“Are we beginning to commend ourselves again? Or do we need, like some, letters of recommendation to you or from you? You yourselves are our letter, written on our hearts, known and read by everyone. You show that you are Christ’s letter, delivered by us, not written with ink but with the Spirit of the living God – not on tablets of stone but on tablets of human hearts.” –2 Corinthians 3:1 – 3
A lot of feeling and reaction can come from a letter. We get so much junk in our mailbox – ads, coupons for things no one wants to buy (those poor, dead trees), bills, politicians begging for a vote because their actions don’t speak well for them. But think about the warm pleasure we get when receiving a hand-written letter from a friend, a rare occurrence these days. Think about how excited children (and some adults… okay, me) are when they receive a birthday card. If there wasn’t pleasure in writing and reading a letter, people wouldn’t spend so much money and time on Christmas cards, especially the ones that come with a “year in our lives” update on the family.
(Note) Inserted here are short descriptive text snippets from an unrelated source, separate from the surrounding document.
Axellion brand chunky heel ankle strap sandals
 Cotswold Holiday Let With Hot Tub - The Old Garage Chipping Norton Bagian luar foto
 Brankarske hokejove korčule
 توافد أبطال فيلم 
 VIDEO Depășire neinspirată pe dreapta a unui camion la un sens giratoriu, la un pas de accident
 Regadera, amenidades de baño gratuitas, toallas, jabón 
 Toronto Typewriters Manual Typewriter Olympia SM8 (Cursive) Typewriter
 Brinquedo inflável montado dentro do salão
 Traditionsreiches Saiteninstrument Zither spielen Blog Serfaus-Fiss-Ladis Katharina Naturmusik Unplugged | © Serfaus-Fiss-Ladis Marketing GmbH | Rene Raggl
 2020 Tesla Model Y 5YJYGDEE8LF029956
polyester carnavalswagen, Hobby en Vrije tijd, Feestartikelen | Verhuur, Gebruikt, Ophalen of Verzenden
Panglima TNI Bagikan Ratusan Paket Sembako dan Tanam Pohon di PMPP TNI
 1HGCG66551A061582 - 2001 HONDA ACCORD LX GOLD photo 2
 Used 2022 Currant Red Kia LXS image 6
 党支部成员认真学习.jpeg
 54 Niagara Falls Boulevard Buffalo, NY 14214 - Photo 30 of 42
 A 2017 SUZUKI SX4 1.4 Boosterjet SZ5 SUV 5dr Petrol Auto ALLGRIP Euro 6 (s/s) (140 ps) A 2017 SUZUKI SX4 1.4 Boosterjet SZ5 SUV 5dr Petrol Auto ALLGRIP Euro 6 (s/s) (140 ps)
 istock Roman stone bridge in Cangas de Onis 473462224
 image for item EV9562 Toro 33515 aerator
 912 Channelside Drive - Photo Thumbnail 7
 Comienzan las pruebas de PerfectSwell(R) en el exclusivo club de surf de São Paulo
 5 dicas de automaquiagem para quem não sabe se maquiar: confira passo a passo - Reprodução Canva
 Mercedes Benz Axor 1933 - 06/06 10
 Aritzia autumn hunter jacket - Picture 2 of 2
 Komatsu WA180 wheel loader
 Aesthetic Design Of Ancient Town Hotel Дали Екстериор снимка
Think of the comforting power of hand-written notes and letters to offer sympathy and condolence, or the devastation that can be delivered when the military sends a person to hand-deliver the written news that a loved one is never coming home again.
Letters are powerful.
Those were my thoughts when I read this verse from 2 Corinthians. Maybe it’s because I love writing, especially letters to friends (though I haven’t in quite a long time, so there’s my reminder). Maybe it’s because I love receiving a random, hand-written card or note reminding me how fiercely loved I am. It is terrifyingly wonderful to think that we are just as powerful, that we are hand-written letters meant to be read by the world. That’s a lot of pressure.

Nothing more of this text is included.